# Qwen3-TTS Voice Clone Demo

This notebook demonstrates how to run Qwen3-TTS Voice Cloning.

In [None]:
# 1. Install Dependencies
# Install system dependencies first (fixes 'sox: not found' errors)
!sudo apt-get update && sudo apt-get install -y sox libsox-dev ffmpeg

!pip install -U qwen-tts
# flash-attn is recommended for performance
!pip install -U flash-attn --no-build-isolation
!pip install pyngrok
!pip install modelscope
!pip install boto3 requests beautifulsoup4 pysbd


In [None]:
# 2. Imports
import torch
import soundfile as sf
from IPython.display import Audio
from qwen_tts import Qwen3TTSModel
import os
import threading
import time

In [None]:
# 3. Load Model (Voice Clone Base 1.7B)
print("Loading Model...")
model = Qwen3TTSModel.from_pretrained(
    "Qwen/Qwen3-TTS-12Hz-1.7B-Base",
    device_map="cuda:0",
    dtype=torch.bfloat16,
    attn_implementation="flash_attention_2",
)
print("Model loaded.")

In [None]:
# 5. Blog Scraper (Updated for Headers & Structure)
import requests
from bs4 import BeautifulSoup
import re
import pysbd

TARGET_URL = "https://www.hung-truong.com/blog/" 
# Or set a specific post URL: 
# TARGET_URL = "https://www.hung-truong.com/blog/2026/01/22/how-low-can-wegovy/"

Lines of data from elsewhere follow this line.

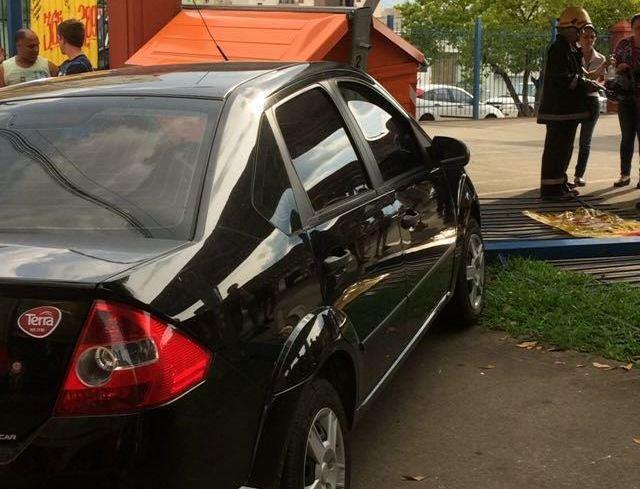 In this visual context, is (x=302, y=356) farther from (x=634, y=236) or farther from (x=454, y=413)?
(x=634, y=236)

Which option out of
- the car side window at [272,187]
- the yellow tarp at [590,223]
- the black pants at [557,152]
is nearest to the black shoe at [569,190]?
the black pants at [557,152]

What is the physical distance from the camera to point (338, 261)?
306 cm

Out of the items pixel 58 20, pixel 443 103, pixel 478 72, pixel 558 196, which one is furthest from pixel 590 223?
pixel 478 72

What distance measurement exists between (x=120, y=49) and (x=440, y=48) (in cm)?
1697

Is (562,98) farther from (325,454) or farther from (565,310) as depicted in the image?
(325,454)

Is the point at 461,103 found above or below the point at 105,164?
below

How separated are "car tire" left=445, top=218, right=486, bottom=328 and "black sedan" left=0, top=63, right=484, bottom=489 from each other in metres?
1.21

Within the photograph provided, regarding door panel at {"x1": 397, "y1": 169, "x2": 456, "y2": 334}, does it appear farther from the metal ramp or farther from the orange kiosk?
the orange kiosk

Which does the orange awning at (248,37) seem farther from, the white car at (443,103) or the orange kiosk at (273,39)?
the white car at (443,103)

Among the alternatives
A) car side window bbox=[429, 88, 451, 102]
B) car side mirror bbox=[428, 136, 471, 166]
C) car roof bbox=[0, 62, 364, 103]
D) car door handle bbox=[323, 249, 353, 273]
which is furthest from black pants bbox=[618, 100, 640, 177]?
car side window bbox=[429, 88, 451, 102]

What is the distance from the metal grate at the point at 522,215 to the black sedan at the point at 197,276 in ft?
12.4

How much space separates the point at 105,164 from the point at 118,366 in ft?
3.02

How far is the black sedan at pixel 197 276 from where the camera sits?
6.87 feet

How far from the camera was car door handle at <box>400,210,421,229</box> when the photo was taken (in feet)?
12.9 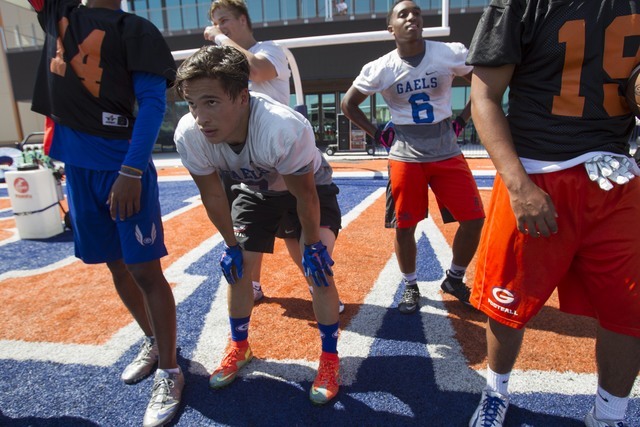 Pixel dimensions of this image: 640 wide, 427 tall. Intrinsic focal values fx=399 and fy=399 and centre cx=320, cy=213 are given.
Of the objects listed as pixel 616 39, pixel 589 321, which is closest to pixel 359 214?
pixel 589 321

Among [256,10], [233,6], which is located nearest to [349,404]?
[233,6]

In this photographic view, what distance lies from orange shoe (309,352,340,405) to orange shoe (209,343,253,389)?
42cm

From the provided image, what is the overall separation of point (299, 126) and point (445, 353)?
4.87 feet

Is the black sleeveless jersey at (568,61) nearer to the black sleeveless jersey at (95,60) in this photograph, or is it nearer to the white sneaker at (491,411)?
the white sneaker at (491,411)

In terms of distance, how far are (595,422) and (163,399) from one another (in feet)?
6.01

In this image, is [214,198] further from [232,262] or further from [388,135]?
[388,135]

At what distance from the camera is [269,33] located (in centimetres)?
1555

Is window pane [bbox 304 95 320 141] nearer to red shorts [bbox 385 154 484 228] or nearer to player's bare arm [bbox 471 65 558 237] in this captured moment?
red shorts [bbox 385 154 484 228]

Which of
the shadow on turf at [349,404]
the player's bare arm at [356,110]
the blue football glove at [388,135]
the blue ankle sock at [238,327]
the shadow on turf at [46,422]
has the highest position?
the player's bare arm at [356,110]

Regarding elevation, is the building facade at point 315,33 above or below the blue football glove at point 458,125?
above

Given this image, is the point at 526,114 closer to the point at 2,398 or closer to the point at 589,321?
the point at 589,321

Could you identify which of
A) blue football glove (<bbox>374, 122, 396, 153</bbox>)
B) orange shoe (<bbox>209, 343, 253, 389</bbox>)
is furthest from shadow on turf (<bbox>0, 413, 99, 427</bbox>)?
blue football glove (<bbox>374, 122, 396, 153</bbox>)

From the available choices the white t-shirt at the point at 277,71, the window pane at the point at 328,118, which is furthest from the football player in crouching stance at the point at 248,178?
the window pane at the point at 328,118

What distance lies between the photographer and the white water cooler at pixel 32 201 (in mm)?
4742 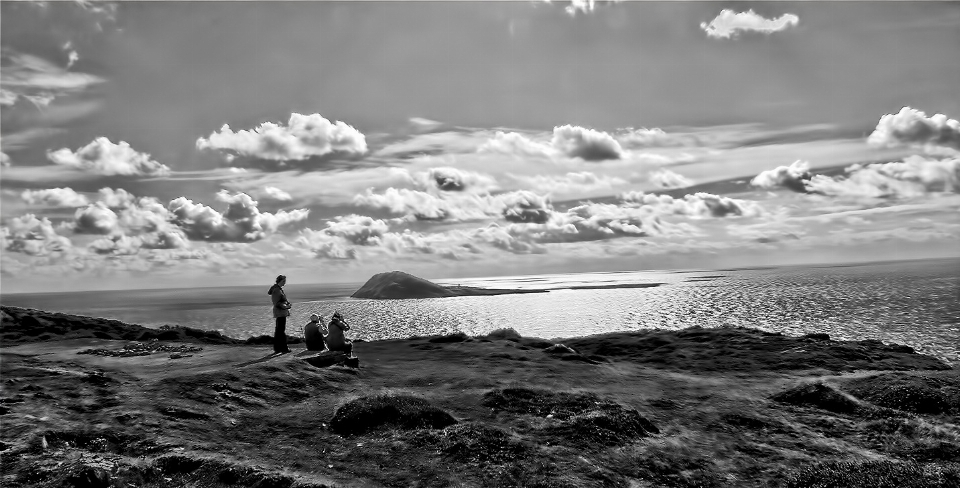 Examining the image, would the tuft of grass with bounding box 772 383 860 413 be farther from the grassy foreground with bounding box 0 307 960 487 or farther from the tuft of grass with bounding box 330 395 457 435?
the tuft of grass with bounding box 330 395 457 435

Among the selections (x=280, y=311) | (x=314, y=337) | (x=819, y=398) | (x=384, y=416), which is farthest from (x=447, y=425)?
(x=819, y=398)

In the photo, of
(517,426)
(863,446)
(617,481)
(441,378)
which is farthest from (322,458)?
(863,446)

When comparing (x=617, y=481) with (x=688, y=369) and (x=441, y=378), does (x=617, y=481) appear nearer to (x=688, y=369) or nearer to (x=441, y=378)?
(x=441, y=378)

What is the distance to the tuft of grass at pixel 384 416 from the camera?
1392 centimetres

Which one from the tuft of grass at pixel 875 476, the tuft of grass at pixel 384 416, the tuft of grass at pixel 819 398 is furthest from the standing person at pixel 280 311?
the tuft of grass at pixel 819 398

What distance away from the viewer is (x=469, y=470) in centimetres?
1177

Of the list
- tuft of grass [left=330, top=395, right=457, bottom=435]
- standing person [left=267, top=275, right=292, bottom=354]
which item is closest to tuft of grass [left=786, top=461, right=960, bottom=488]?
tuft of grass [left=330, top=395, right=457, bottom=435]

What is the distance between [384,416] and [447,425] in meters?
1.86

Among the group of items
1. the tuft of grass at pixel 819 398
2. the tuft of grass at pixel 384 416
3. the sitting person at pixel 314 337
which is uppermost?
the sitting person at pixel 314 337

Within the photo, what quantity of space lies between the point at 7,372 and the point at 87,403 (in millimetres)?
4099

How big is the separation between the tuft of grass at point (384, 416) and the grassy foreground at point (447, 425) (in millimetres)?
46

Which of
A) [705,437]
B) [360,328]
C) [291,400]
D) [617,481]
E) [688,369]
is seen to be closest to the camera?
[617,481]

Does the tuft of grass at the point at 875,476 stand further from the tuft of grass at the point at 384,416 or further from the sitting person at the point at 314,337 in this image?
the sitting person at the point at 314,337

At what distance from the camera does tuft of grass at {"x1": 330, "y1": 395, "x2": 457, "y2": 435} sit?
13922 mm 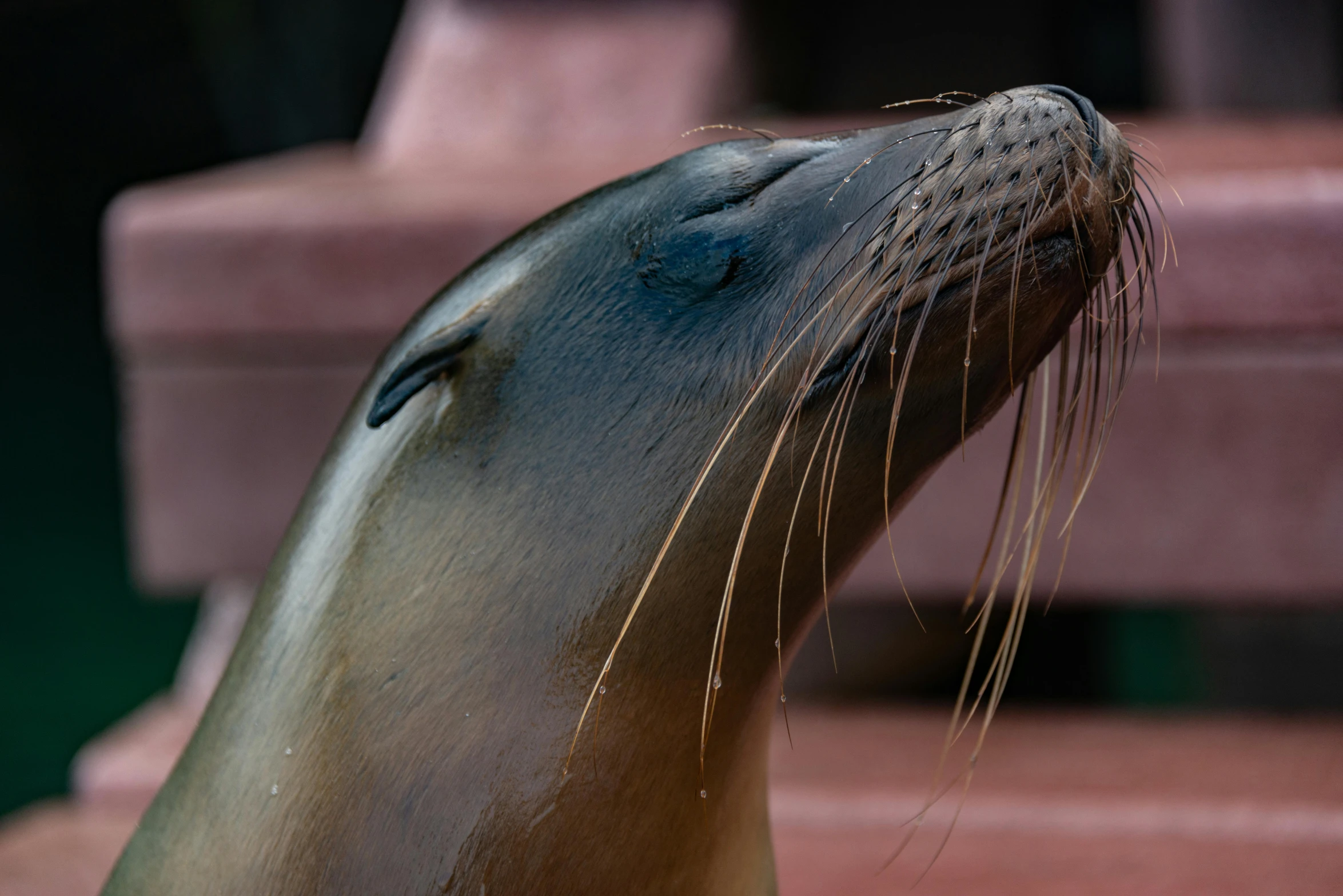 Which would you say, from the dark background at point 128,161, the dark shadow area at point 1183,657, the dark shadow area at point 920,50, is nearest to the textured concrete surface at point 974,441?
the dark shadow area at point 1183,657

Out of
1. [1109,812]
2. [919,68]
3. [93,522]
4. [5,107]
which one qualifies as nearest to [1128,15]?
[919,68]

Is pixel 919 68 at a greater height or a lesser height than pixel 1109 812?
greater

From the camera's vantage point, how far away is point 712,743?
0.87 m

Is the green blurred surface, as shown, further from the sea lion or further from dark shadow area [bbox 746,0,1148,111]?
the sea lion

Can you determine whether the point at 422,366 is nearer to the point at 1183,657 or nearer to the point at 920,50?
the point at 1183,657

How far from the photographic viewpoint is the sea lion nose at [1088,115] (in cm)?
77

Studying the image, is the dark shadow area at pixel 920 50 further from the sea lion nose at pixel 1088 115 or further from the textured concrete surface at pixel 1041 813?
the sea lion nose at pixel 1088 115

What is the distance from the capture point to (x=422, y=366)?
0.89 m

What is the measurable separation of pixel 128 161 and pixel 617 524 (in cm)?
330

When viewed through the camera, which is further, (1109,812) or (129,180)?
(129,180)

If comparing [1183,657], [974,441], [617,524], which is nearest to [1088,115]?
[617,524]

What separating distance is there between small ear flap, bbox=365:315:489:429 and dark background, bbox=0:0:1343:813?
2.24 m

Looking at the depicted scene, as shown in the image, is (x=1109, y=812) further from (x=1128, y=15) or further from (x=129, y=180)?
(x=129, y=180)

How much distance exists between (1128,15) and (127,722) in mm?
3011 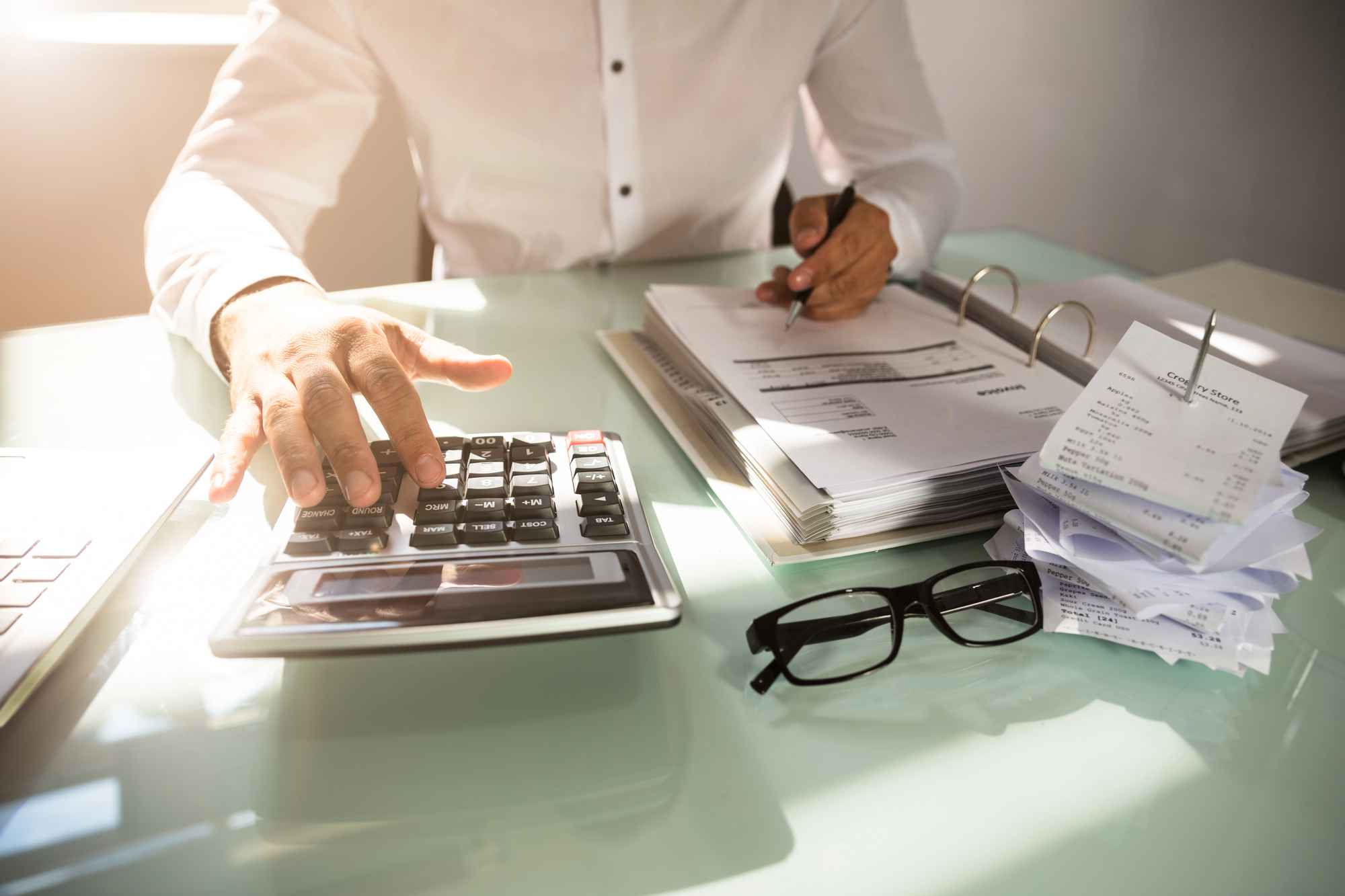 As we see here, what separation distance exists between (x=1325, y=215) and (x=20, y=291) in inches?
100

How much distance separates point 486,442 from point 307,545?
5.4 inches

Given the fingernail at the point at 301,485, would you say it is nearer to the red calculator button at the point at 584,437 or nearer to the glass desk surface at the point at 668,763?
the glass desk surface at the point at 668,763

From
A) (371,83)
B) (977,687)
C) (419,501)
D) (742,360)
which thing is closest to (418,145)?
(371,83)

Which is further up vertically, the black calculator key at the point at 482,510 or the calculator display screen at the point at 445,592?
the black calculator key at the point at 482,510

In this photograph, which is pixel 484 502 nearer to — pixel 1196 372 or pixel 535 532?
pixel 535 532

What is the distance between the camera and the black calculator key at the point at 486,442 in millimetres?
522

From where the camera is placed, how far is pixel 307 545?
42 cm

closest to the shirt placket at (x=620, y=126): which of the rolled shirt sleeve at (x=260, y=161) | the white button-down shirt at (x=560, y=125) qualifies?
the white button-down shirt at (x=560, y=125)

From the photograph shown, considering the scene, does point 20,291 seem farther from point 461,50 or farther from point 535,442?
point 535,442

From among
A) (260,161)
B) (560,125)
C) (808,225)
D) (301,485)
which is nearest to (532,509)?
(301,485)

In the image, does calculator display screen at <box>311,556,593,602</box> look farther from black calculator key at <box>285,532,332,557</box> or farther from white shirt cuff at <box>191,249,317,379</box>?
white shirt cuff at <box>191,249,317,379</box>

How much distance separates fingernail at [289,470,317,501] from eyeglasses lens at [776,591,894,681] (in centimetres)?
27

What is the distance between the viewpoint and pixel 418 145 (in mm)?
1062

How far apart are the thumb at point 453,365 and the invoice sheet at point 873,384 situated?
6.6 inches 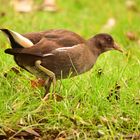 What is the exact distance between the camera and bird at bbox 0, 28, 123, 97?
4.58m

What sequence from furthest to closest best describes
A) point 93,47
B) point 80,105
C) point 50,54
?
point 93,47, point 50,54, point 80,105

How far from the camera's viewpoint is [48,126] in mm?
4312

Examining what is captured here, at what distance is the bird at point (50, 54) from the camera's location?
15.0 ft

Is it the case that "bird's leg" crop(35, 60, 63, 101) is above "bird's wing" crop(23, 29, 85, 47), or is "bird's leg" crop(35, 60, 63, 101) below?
below

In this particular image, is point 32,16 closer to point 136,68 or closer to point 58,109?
point 136,68

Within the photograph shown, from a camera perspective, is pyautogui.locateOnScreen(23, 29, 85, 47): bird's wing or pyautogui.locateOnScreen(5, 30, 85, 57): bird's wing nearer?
pyautogui.locateOnScreen(5, 30, 85, 57): bird's wing

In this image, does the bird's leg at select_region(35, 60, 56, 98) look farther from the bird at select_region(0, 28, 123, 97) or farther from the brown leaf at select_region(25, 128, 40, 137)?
the brown leaf at select_region(25, 128, 40, 137)

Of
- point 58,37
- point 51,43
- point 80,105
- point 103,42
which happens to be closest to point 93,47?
point 103,42

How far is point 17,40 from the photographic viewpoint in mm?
4543

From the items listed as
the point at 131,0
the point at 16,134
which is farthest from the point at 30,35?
the point at 131,0

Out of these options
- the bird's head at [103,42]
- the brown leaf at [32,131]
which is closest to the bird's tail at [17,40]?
the brown leaf at [32,131]

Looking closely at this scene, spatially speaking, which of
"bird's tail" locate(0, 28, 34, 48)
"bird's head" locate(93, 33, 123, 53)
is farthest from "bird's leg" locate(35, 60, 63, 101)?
"bird's head" locate(93, 33, 123, 53)

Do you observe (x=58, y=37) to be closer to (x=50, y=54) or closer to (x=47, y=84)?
(x=50, y=54)

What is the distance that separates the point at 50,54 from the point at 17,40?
0.28m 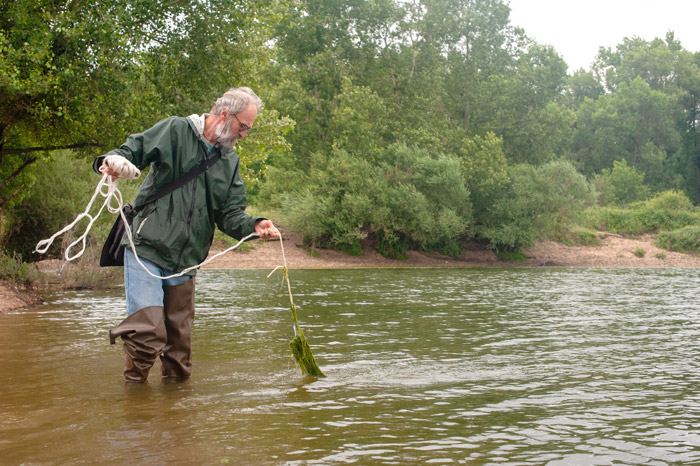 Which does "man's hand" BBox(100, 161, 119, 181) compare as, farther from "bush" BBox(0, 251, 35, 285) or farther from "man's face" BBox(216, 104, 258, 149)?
"bush" BBox(0, 251, 35, 285)

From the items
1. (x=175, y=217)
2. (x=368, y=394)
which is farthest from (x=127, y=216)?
(x=368, y=394)

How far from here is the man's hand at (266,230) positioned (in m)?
6.07

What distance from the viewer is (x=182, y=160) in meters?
5.81

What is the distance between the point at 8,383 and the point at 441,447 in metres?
4.09

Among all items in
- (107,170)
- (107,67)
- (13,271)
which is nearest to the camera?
(107,170)

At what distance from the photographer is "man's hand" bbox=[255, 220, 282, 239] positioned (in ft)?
19.9

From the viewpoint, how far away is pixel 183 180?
5871 mm

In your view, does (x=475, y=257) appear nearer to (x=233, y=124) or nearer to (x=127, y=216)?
(x=233, y=124)

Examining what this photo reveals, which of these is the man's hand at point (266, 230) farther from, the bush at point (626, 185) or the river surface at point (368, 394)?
the bush at point (626, 185)

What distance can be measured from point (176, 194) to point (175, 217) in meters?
0.18

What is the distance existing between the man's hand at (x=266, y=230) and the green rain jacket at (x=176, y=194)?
6cm

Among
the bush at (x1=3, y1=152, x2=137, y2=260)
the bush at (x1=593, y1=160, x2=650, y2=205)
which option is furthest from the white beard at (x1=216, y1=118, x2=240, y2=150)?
the bush at (x1=593, y1=160, x2=650, y2=205)

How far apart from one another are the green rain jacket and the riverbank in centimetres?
2701

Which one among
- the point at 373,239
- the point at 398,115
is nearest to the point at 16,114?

def get_latest_post_url(index_url):
    try:
        response = requests.get(index_url)
        response.raise_for_status()
        soup = BeautifulSoup(response.text, 'html.parser')
        # Find the first link that looks like a blog post
        for a in soup.find_all('a', href=True):
            href = a['href']
            if re.match(r'.*/blog/\d{4}/\d{2}/\d{2}/.+', href):
                if href.startswith("/"):
                    return "https://www.hung-truong.com" + href
                return href
    except Exception as e:
        print(f"Error fetching index: {e}")
        return None
    return None

# Determine actual URL
if "index.html" in TARGET_URL or TARGET_URL.endswith("/blog/") or TARGET_URL == "https://www.hung-truong.com/blog":
    print("Searching for latest post...")
    latest_url = get_latest_post_url(TARGET_URL)
    if latest_url:
        print(f"Found latest post: {latest_url}")
        TARGET_URL = latest_url
    else:
        print("Could not find latest post link. Using original URL.")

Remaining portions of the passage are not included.